Riguardo al metaverso, il lavoro di edificazione si dimostra immane. Molte società stanno investendo miliardi di dollari per creare “gemelli virtuali” quanto più fedeli alla realtà fisica, una modalità utile funzionalmente per svolgere analisi predittive oltre che attenuare gli effetti di obsolescenza estetica a cui anche la computer graphics è sottoposta. Il metaverso è un concetto ancora troppo astratto, non in grado di imitare perfettamente il visibile. Gli manca tuttora la giusta potenza di calcolo per avere una buona fluidità operativa, sebbene faccia uso di tecnologie in gran parte già in commercio (come i visori Oculus). L’uso dei visori è problematico per via del fastidioso senso di nausea e di vertigine che procurano ad alcuni utenti. L’azienda Meta ha acquisito già nel 2016 Zurich Eye, uno spin-off del politecnico ETH di Zurigo, che sta tentando di eliminare proprio i disturbi dovuti al disorientamento sensoriale. Ora Meta, dopo forti perdite milionarie in borsa, ha compreso che la diffusione del metaverso rimarrà per il momento un obiettivo strategico di lungo periodo, e vira nel futuro più prossimo verso l’intelligenza artificiale.

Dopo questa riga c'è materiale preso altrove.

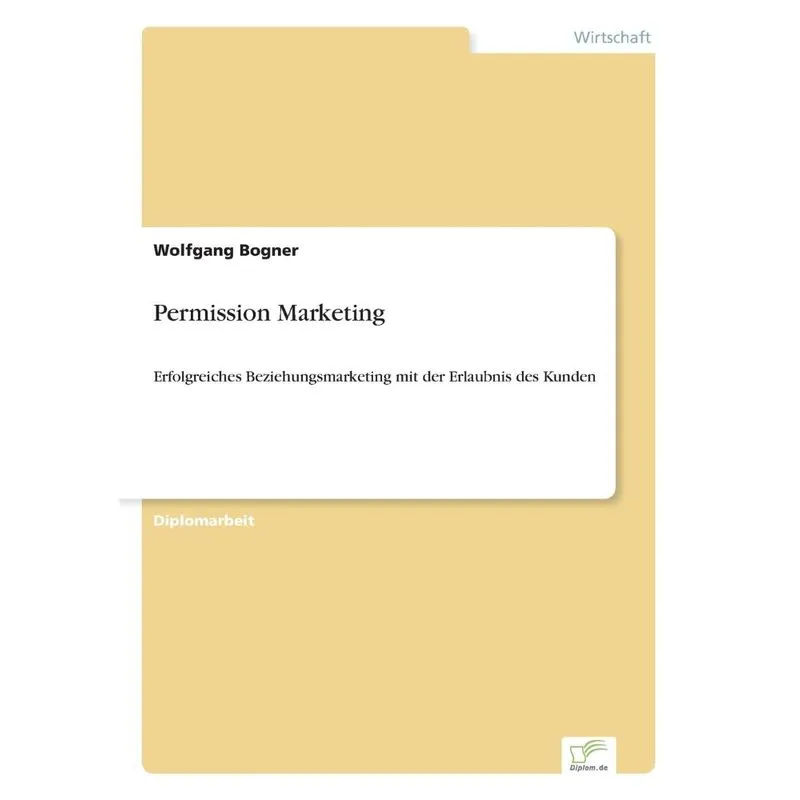Permission Marketing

L’AI e il metaverso s’impongono anche nel campo dell’istruzione a distanza. L’università di Stanford ha lanciato i primi corsi universitari interamente sviluppati in VR tramite il progetto Virtual People, uno spazio popolato da alcune centinaia di studenti agenti in remoto. Come ha riportato il giornalista Adam Hadazy su Stanford News, i corsi attirano studenti di svariate discipline (dall’economia alla biologia, dalla letteratura comparata all’arte). A Napoli, la Federico II lavora all’Hybrid Learning Spaces che contiene aule virtuali frequentabili sia in remoto che in presenza, mentre il Virtual Reality Lab di Unitelma Sapienza esplora la possibilità di fare webinar in VR per abbattere le distanze fisiche.
I servizi a distanza (e-commerce, home banking) da un ventennio stanno portando alla dismissione di vaste zone immobiliari nei centri urbani. Il telelavoro sta facendo lo stesso nei grandi distretti direzionali americani del terziario avanzato (come riportano recenti servizi del Financial Times e NYT), dove molti piani di grattacieli adibiti a uffici prima del lockdown ora sono oggetto di difficili progetti di riconversione in abitazioni, o perfino di demolizione, a causa della loro vasta superficie.
E proprio le distanze fisiche nel periodo pandemico hanno accelerato la ricerca sull’apprendimento in remoto, in cui anche l’intelligenza artificiale si è introdotta. Secondo la prima indagine sull’istruzione condotta da GoStudent, solo il 18% della popolazione scolastica europea utilizza l’AI durante le lezioni, un trend tuttavia in veloce salita. È facilmente ipotizzabile che anche l’istruzione terziaria a distanza possa provocare una contrazione spaziale e svuotare in parte le strutture dei grandi centri universitari. Con l’abbassamento dei contagi gli studenti sono ritornati negli atenei. La decisione in Italia di sospendere la dad è maturata sotto la convergenza di vari fenomeni: dall’abbassamento dei contagi da Covid alla diminuzione delle capacità di apprendimento della popolazione scolastica più giovane, fino alle pressioni delle lobby immobiliari e commerciali fortemente interessate al rientro degli studenti. Su tale argomento si arrivano a toccare anche ragioni più profonde, di natura biopolitica: come ha osservato Angela Biscardi, docente di Antropologia moderna alla Statale di Milano, risulta difficile per gli atenei abbandonare una tradizionale disposizione spaziale della didattica. La biopolitica richiede ancora un controllo totale dei corpi verificabile con la presenza fisica. “Le asimmetrie di potere” tra docenti e studenti, afferma Biscardi, con la didattica a distanza sono sottoposte a nuove sollecitazioni.